Friday, 23 March 2018

Kernel Commits with "Fixes" tag

Over the past 5 years there has been a steady increase in the number of kernel bug fix commits that use the "Fixes" tag.  Kernel developers use this annotation on a commit to reference an older commit that originally introduced the bug, which is obviously very useful for bug tracking purposes. What is interesting is that there has been a steady take-up of developers using this annotation:

With the 4.15 release, 1859 of the 16223 commits (11.5%) were tagged as "Fixes", so that's a fair amount of work going into bug fixing.  I suspect there are more commits that are bug fixes, but aren't using the "Fixes" tag, so it's hard to tell for certain how many commits are fixes without doing deeper analysis.  Probably over time this tag will be widely adopted for all bug fixes and the trend line will level out and we will have a better idea of the proportion of commits per release that are just devoted to fixing issues.  Let's see how this looks in another 5 years time,  I'll keep you posted!

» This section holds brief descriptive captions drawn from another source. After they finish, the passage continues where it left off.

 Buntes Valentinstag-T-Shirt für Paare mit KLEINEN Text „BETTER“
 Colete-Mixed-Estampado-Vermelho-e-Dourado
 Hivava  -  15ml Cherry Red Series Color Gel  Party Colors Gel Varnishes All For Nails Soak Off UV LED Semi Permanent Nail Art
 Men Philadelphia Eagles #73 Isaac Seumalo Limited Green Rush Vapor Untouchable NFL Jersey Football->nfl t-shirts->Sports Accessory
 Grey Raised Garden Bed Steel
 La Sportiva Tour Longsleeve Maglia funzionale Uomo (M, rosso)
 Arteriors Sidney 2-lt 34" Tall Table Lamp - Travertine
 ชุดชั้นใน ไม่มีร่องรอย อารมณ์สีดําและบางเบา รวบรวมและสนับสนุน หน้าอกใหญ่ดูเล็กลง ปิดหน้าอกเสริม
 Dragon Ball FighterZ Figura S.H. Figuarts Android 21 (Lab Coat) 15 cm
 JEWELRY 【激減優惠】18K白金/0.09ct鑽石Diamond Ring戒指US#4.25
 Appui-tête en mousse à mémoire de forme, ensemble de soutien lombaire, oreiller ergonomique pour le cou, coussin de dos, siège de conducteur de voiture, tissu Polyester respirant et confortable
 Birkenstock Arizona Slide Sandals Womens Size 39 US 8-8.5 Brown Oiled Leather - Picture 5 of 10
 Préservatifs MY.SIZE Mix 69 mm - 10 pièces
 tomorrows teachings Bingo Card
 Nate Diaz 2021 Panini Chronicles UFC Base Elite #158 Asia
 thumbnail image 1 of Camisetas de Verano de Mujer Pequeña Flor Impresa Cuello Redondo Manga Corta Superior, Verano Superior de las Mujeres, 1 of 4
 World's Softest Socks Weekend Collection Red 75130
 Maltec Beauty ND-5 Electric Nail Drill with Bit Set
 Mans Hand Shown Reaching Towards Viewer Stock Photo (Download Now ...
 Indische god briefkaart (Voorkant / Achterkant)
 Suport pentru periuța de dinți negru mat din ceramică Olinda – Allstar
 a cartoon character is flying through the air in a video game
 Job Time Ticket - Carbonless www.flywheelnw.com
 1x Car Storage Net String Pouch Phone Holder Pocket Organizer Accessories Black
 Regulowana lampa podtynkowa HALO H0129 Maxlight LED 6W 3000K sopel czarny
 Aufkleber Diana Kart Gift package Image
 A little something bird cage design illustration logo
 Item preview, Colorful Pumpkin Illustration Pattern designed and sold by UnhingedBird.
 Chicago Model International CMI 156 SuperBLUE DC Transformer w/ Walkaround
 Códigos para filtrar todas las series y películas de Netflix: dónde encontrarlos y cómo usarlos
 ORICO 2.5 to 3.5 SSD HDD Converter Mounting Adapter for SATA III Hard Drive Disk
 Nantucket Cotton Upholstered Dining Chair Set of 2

Wednesday, 21 February 2018

Linux Kernel Module Growth

The Linux kernel grows at an amazing pace, each kernel release adds more functionality, more drivers and hence more kernel modules.  I recently wondered what the trend was for kernel module growth per release, so I performed module builds on kernels v2.6.24 through to v4.16-rc2 for x86-64 to get a better idea of growth rates: one can see, the rate of growth is relatively linear with about 89 modules being added to each kernel release, which is not surprising as the size of the kernel is growing at a fairly linear rate too.  It is interesting to see that the number of modules has easily more than tripled in the 10 years between v2.6.24 and v4.16-rc2,  with a rate of about 470 new modules per year. At this rate, Linux will see the 10,000th module land in around the year 2025.

Saturday, 3 February 2018

stress-ng V0.09.15

It has been a while since my last post about stress-ng so I thought it would be useful to provide an update on the changes since V0.08.09.

I have been focusing on making stress-ng more portable so it can build with various versions of clang and gcc as well as run against a wide range of kernels.   The portability shims and config detection added to stress-ng allow it to build and run on a wide range of Linux systems, as well as GNU/HURD, Minix, Debian kFreeBSD, various BSD systems, OpenIndiana and OS X.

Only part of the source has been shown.